◆ TASK GOAL ◆
Exact repetition of a range: find the line containing "Exterior - Island" and the line containing "Used Ford Escort" in the material below, then repeat both and all lines between them, leaving pictures out.

◆ EXERCISE INPUT ◆
================

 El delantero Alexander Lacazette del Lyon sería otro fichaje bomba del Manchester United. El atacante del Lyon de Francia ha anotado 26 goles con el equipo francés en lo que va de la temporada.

================

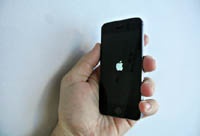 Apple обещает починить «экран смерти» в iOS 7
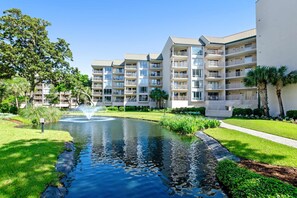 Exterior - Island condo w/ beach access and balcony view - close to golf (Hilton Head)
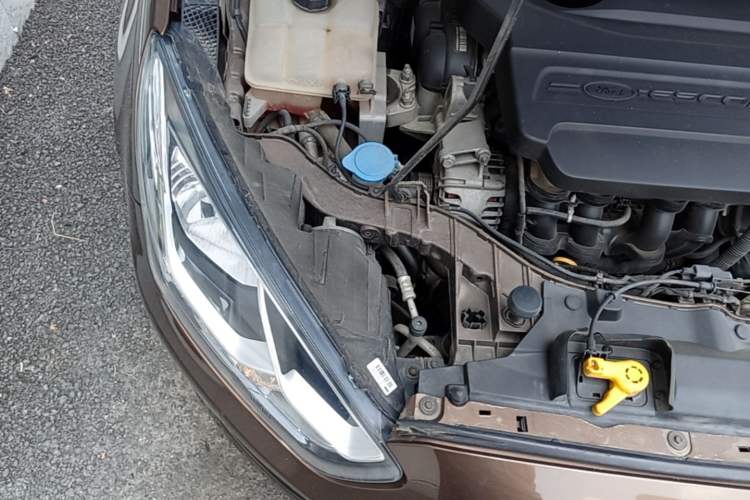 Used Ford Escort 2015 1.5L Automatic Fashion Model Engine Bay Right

================

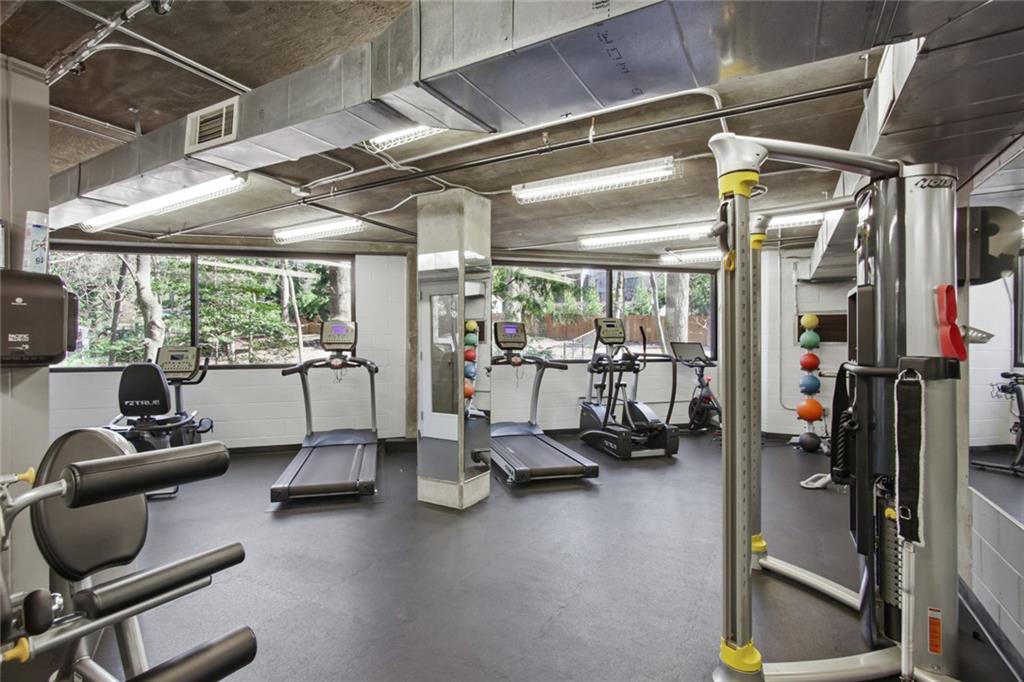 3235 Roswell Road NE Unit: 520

================

◆ TASK ANSWER ◆
 Exterior - Island condo w/ beach access and balcony view - close to golf (Hilton Head)
 Used Ford Escort 2015 1.5L Automatic Fashion Model Engine Bay Right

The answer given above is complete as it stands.